### What the task asks
Transcribe the listing that follows exactly, from its first line to its last.

### Source material
########################################

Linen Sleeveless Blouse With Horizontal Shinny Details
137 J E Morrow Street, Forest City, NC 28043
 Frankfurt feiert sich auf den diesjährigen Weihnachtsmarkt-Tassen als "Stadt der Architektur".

########################################

### Finished exercise
Linen Sleeveless Blouse With Horizontal Shinny Details
137 J E Morrow Street, Forest City, NC 28043
 Frankfurt feiert sich auf den diesjährigen Weihnachtsmarkt-Tassen als "Stadt der Architektur".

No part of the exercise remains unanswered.